* _ASSIGNMENT_: Among the entries below, only the lines from the one with "Digitally rendered, glossy" through the one with "KUET 2023 M.Sc." are to be retyped, exactly and without pictures.

* _ENTRIES SUPPLIED_:
----------------

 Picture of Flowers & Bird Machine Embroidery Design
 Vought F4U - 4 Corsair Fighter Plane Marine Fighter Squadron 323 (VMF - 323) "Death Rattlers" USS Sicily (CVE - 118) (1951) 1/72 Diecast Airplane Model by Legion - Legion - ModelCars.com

----------------

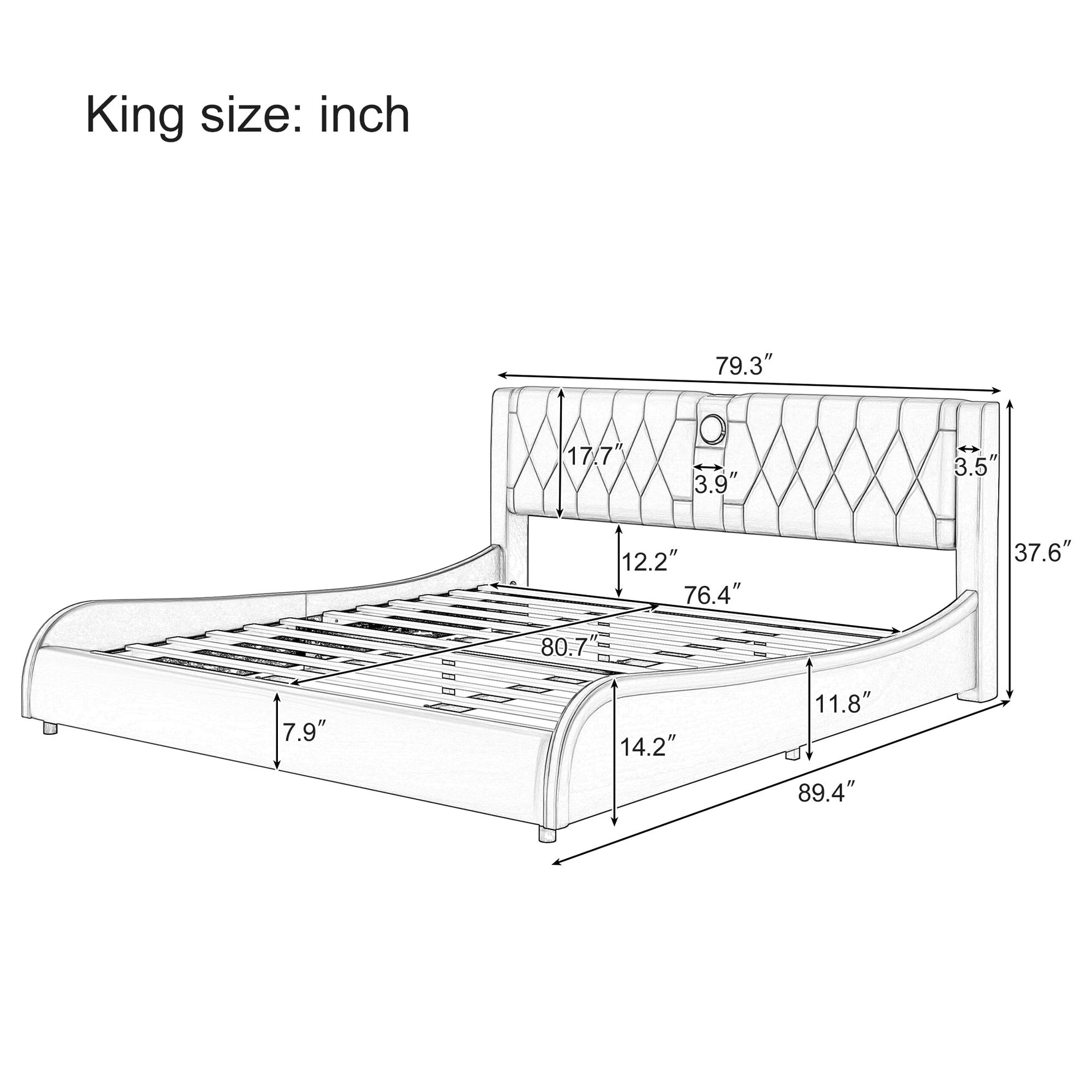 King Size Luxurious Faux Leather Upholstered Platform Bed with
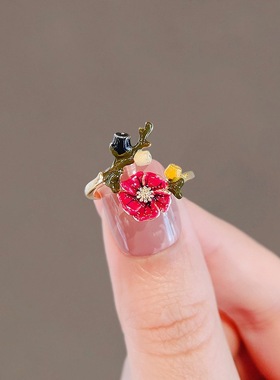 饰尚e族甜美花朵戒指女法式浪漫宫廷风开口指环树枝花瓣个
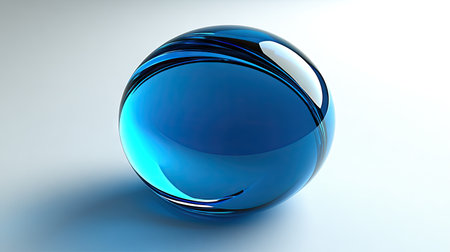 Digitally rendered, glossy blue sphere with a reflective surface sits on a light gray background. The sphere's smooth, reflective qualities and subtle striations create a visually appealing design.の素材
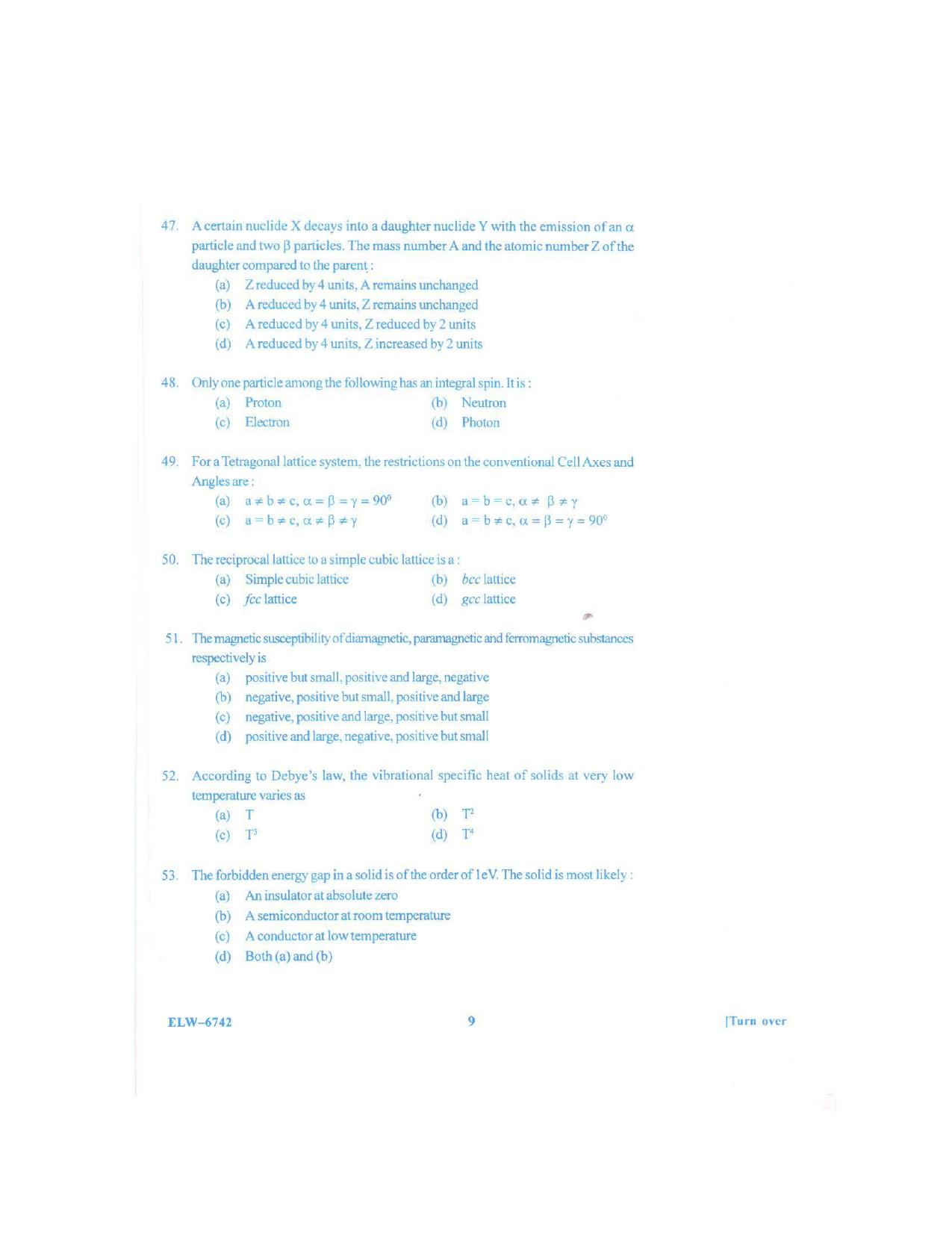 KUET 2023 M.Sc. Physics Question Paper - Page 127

----------------

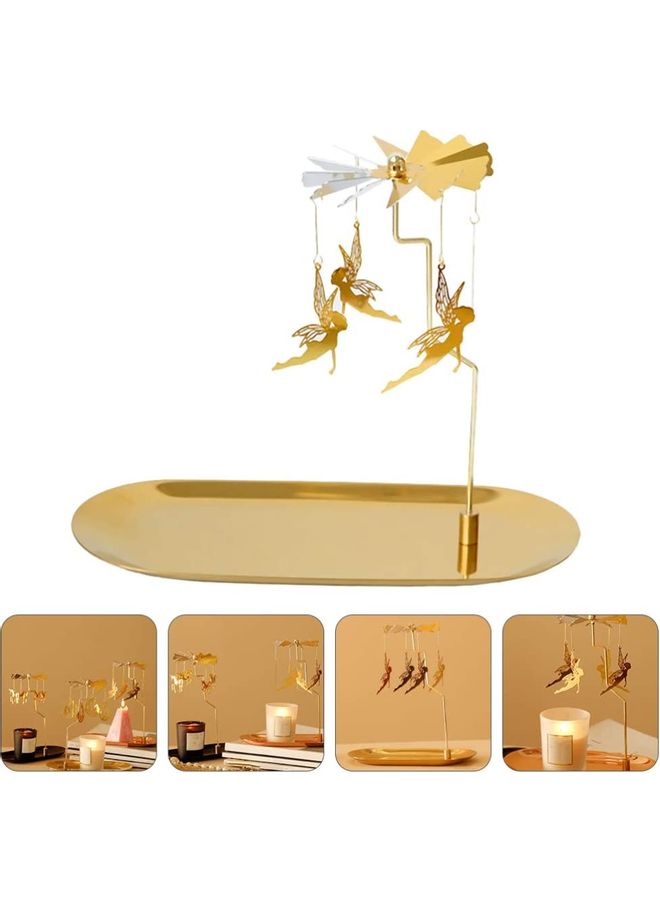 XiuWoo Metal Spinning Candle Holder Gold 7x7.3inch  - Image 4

----------------

* _TASK RESPONSE_:
 Digitally rendered, glossy blue sphere with a reflective surface sits on a light gray background. The sphere's smooth, reflective qualities and subtle striations create a visually appealing design.の素材
 KUET 2023 M.Sc. Physics Question Paper - Page 127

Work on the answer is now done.